● **What to produce**: Once the line holding "HOJE FOI O DIA" is found in the listing below, write it out and each later line exactly, up to and including the one holding "Sofá Retrátil e".

● **Data in this exercise**:

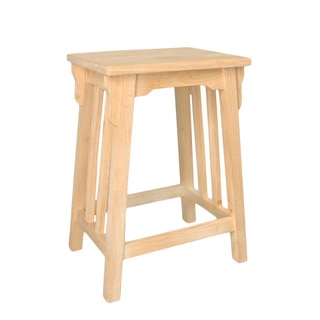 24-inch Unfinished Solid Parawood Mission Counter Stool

--

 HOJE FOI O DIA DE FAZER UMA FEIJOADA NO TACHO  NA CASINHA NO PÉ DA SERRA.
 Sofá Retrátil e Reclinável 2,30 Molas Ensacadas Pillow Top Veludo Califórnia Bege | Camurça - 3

● **Exercise answer**:
 HOJE FOI O DIA DE FAZER UMA FEIJOADA NO TACHO  NA CASINHA NO PÉ DA SERRA.
 Sofá Retrátil e Reclinável 2,30 Molas Ensacadas Pillow Top Veludo Califórnia Bege | Camurça - 3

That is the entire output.